Configuring Embedded JSON and XML Tagging¶

Structured data sources—JDBC tables, CSV, Parquet, and similar formats—sometimes store JSON or XML inside a single column. For example, a column named customer_data might contain:

JSON
{"name":"Jane","ssn":"123-45-6789"}

By default, Discovery classifies that value as one opaque string. When embedded JSON/XML tagging is enabled, Discovery parses the payload, classifies each nested path separately, and applies tags at paths such as customer_data.ssn and customer_data.name.

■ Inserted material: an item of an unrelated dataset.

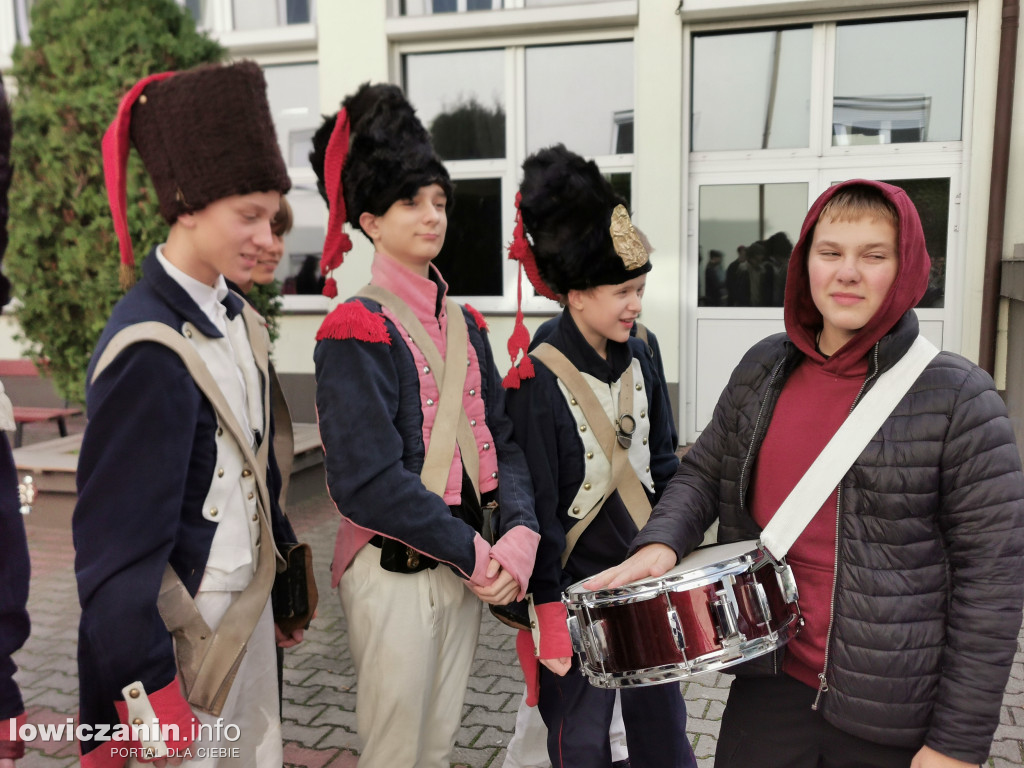 Pochód szkoły pijarskiej w Łowiczu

For an overview of how classification behaves with nested paths, see Embedded JSON and XML Tagging.

Prerequisites¶

Discovery is installed and running. Refer to Discovery installation steps.
At least one structured data source is configured and scannable (for example, JDBC, CSV, or Parquet).

When to enable¶

Enable embedded JSON/XML tagging when:

Sensitive attributes are stored as JSON or XML inside VARCHAR, CLOB, or similar columns.
You need field-level tags (for example, on payload.email) rather than a single tag on the whole column.
Column names alone do not reveal the sensitive paths inside the document.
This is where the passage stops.